In summary, we explored surface passivation of 3D perovskite films with a series of phenylalkylammonium iodides of varying alkyl chain lengths. Combining experimental characterization and theoretical modeling, we show that the phenylalkylammonium groups can stabilize the perovskite surface through the suppression of iodide ion migration. More importantly, the stabilization effect is enhanced with increasing alkyl chain length, due to the stronger binding of the passivating molecule on the perovskite surface and the increased steric hindrance to reconfiguration required to accommodate I migration.

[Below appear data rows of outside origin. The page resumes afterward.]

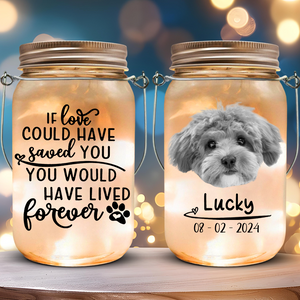 Custom Photo You Would Have Lived Forever Memorial Mason Jar Light LM32 893161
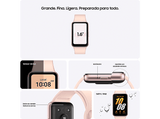 Smartwatch - Samsung Galaxy Fit3, 40mm, 256GB, RAM 16GB, 1.6 AMOLED, IP68, FreeRTOS, BT 5.3, hasta 13h, Pink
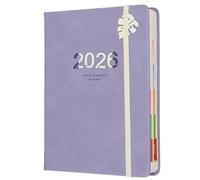 Planificateur 2026, une page par jour, planificateur 2026 hebdomadaire et mensuel, janvier 2026 à décembre 2026, planificateur quotidien avec fentes horaires, format A5 (14,5 x 21 cm), couverture en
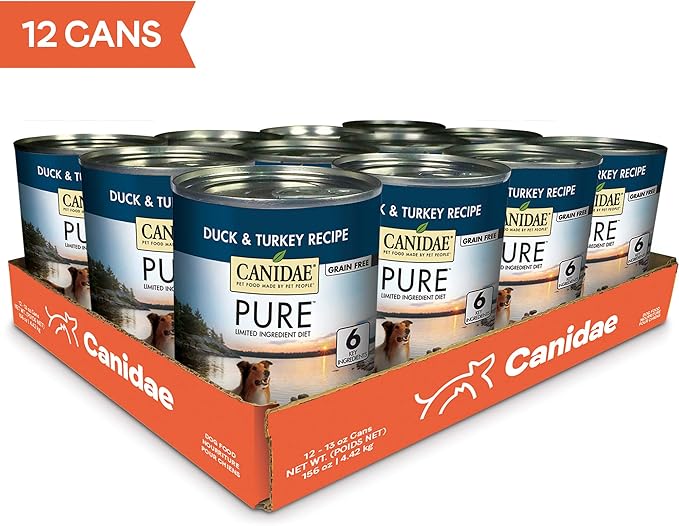 CANIDAE® PURE Duck & Turkey Recipe Dog Wet (12) 13 oz., Blue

Using the optimized passivation molecule, PPAI, we achieve PeLEDs with an EQE of 17.5%, a record radiance of 1282.8 W sr−1 m−2 on glass substrates, and a record T50 half-lifetime of 130 h under 100 mA cm−2. Our work highlights the importance of the chain length effect in suppressing the ion migration, revealing that a very small variation in the surface molecular structure can result in a remarkable improvement in device stability and sheds light on the design of new passivation molecules that could render highly efficient and stable perovskite LEDs.

Methods

Materials

Cesium iodide (CsI), FAI, and 5-ammonium valeric acid iodide (5AVAI) were purchased from Greatcellsolar. Lead iodide (PbI2) and PEAI (2-phenethylammonium iodide) were purchased from Tokyo Chemical Industry Co. LTD. PMAI, PPAI, and PBAI were bought from Xi’an Polymer Light Technology Corp. ZnO nanocrystals were synthesized according to the published recipe40. The other chemicals were purchased from Sigma-Aldrich.

Device fabrication

ITO substrate was cleaned in Hellmanex water solution by sonication for 30 min, and subsequently cleaned with deionized water, acetone, isopropanol in sequence by sonication for 15 min, and treated by UV-Ozone for 15 min before use. Then, the ZnO layer was spun on the substrate at 6000 r.p.m. for 40 s and annealed at 150 °C for 30 min. PEIE (3.9 mg mL−1 in 2-methoxyethanol) layer was spun on ZnO at 5000 r.p.m. for 40 s and annealed at 90 °C for 10 min to modify the work function of ZnO and enhance the wettability. Then a 0.15 mmol mL−1 perovskite precursor (n(CsI):n(FAI):n(PbI2):n(Pb(SCN)2):n(5AVAI)) = 0.17:1.23:0.8:0.2:0.1) was spun on the substrates at 500 r.p.m. for 3 s and 8000 r.p.m. for 45 s, respectively. The 120 μL chlorobenzene was dripped on the substrate after 16 s, and then the film was annealed at 100 °C for 15 min. For the surface treatment, 0.5 mg molecules were added in 1 mL chloroform and the solution was filtered before diluting the solution with threefold chloroform. Then the solution was deposited at 6000 r.p.m. for 30 s on the perovskite films and the treated film was annealed at 100 °C for 3 min to volatilize remnant solvent. After cooling down to room temperature, the TFB (15 mg mL−1 in m-xylene) layer was spun on perovskite layer at 2500 r.p.m. for 30 s. Finally, 7 nm of MoO3 and 50 nm of Au were evaporated on the top by thermal evaporator through a shadow mask defining an electrode area of 2.25 mm2.

Characterization

The XRD was tested with a Rigaku ru-300 diffractometer (Cu Kα irradiation, λ = 1.5406 Å). The SEM test was performed by HR-FESEM, FEI, Quanta 400. The XPS was conducted by Al Kα X-ray gun (hv = 1486.6 eV) with a VG ESCALAB 220i-XL surface analysis system. For the characterization of device performance, the JV curves, radiance, and EQE were all carried out in nitrogen-filled glovebox through a QE-Pro spectrometer coupled with a fiber integration sphere (FOIS-1) and a Keithley 2400 source meter. The TRPL was taken on an Edinburgh Instruments spectrometer (FLS1000) with a 405-nm pulsed laser (75 ps, 0.5 MHz). The instrument resolution was less than 20 ps with the response function (IRF) less than 130 ps. And the tested perovskite films were fabricated on the ZnO/PEIE substrate. The ToF-SIMS test was taken on Model TOF‐SIMS 5 with the pulsed primary ions of a Bi+ (30 keV, 1 pA) ion gun for the sputtering and an O+ pulsed secondary ion beam for the analysis (0.5 keV, 100 nA) with an analysis area of 96 µm × 96 µm. The stability test was taken on the EQE test platform and calibrated by commercialization system made by Guangzhou Jinghe Ltd.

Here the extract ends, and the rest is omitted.